The Guardian runs a piece a hit piece on Israel by Ewa Jasciewicz that makes for compelling reading. Reading it, you are compelled to ask whether she has a pathological hatred of Israel or whether she is simply incapable of thinking her way out of a paper bag. Jasciewicz is the latest martyr to the horrors of Israeli justice, locked up a in hot dry prison cell, suffering daily from its cold dampness, all because she believes, believes I tell you, in social justice and human rights. Well, not exactly.
Life for journalists wanting to report from Israel has just become harder. I was detained two weeks ago by the Israeli authorities while trying to enter the country in order to complete a number of commissions for the British magazine Red Pepper. I have been held in custody at Ben Gurion airport ever since, while appealing against deportation.
In other words, she can just leave.
Then we get a whole series of non sequiturs.
During my initial interrogation at the airport in Tel Aviv I was asked if I knew any violent Palestinians. Responding in the negative, I was told: "We think you do, but we can accept that you don't know that you do."
It shouldn't have come as a surprise to me that the Israeli state sees all Palestinians as potential terrorists. Thus anyone who associates with them is, at best, an unwitting associate.
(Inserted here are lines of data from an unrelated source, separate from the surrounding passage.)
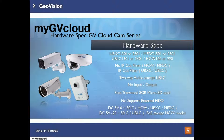This slide covers the camera hardware specs. All of the cameras support two-way audio except the outdoor camera. There is no input/output and no support for an external hard drive. And when you purchase a camera, a free Transcend microSD card will be included.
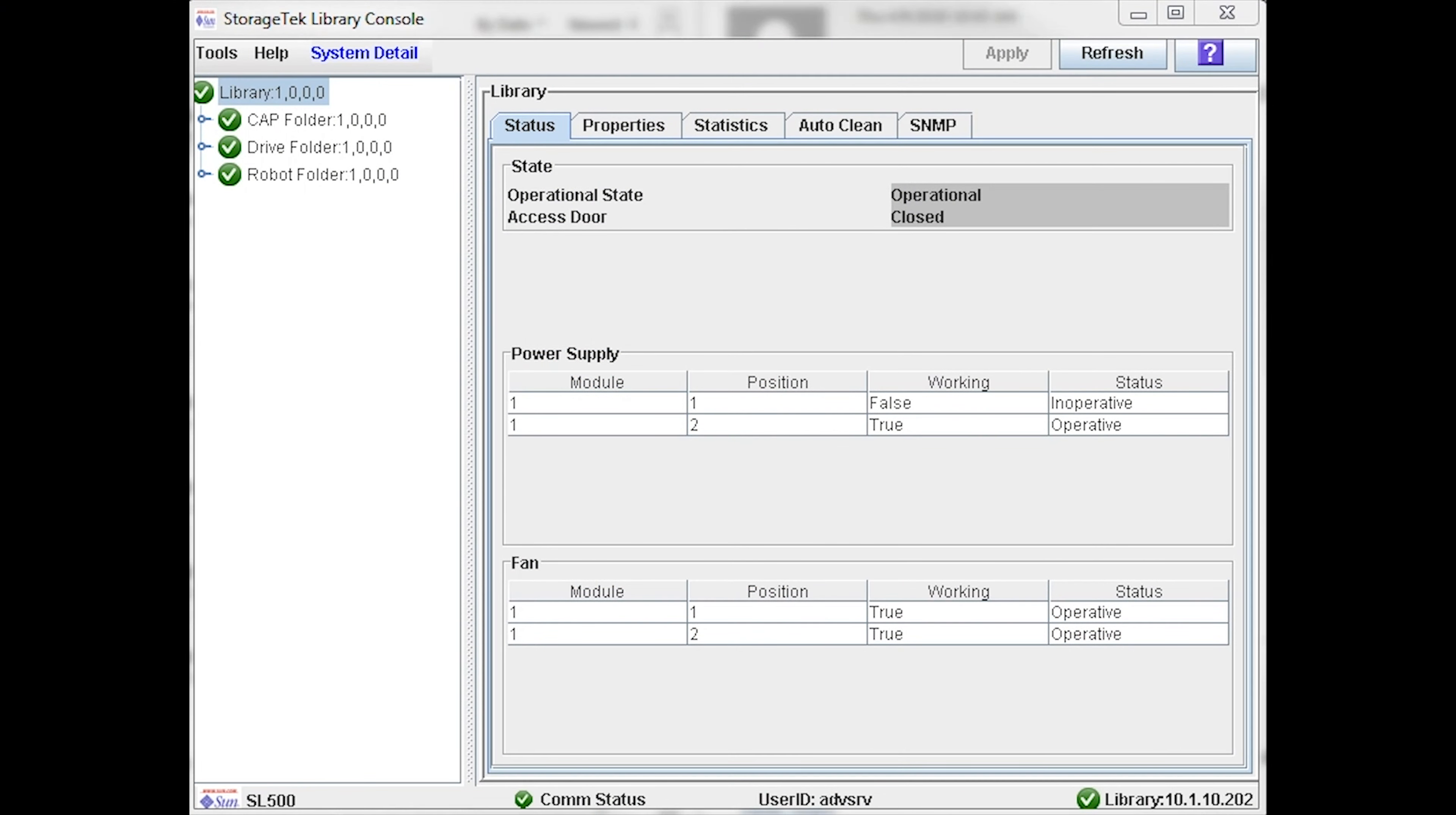First, you will need to find out where your faulty power supply is located. To do this, log in to SLConsole using your administrative password, and then highlight the Library folder at the top of the left column. Then look under the Status tab and you will see the status of all power supplies in each chassis module in the library.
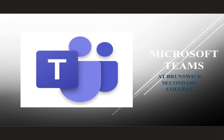Welcome to Microsoft Teams at Brunswick Secondary College. My name is Derek Glenny and I'm the Learning Technologies Coordinator of Brunswick Secondary College, and I'm here to give you some information about how Microsoft Teams can enhance your students' learning.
No. Israeli security thinks it possible that she is incapable of distinguishing terrorists from other Palestinians. In other words, they accept that she might not be an active terrorist, but just a half-wit.
She provides evidence that Israeli security might be on to something.
I believe that I was particularly targeted because of my involvement with the International Solidarity Movement, a non-violent, Palestinian-led organisation that stages protests against the occupation. I am proud to be associated with it. White westerners are not supposed to leave their comparative comfort zones and get involved in violent conflicts in the Middle East. Nor are they supposed to put their bodies between bullets, tanks and children. They are not meant to dismantle government security walls, accompany ambulances, live and laugh with, and grow attached to, "security threat" families and communities.
Note the scare quotes around "security threat". So apparently there aren't any suicide bombers after all, or terrorists, because there aren't any security threats (and do not miss the reference to white westerners). But then she says maybe there are terrorists after all.
Yesterday I accepted in court that I had interviewed terrorists as part of my journalistic work, but maintained that I had not been duped into helping them. I am a journalist and I know when people are being manipulative. I know myself.
She cannot seem to make up her mind. But that precious "I know myself" at the end suggests she does not have any self-image problems. She follows it up with this.
I am happy to declare that my writing has a biased and loaded agenda: the promotion of human rights and social justice. I am motivated by the belief that writing can serve as an agitational tool for those who wish to challenge oppressive realities, demand grassroots power and reclaim lives lost to racist and colonialist agendas.
She writes this without any apparent embarrassment.
The reference to white westerners and racism reminds me of Mandela's comment:
Why should there be one standard for one country, especially because it is black, and another one for another country, Israel, that is white.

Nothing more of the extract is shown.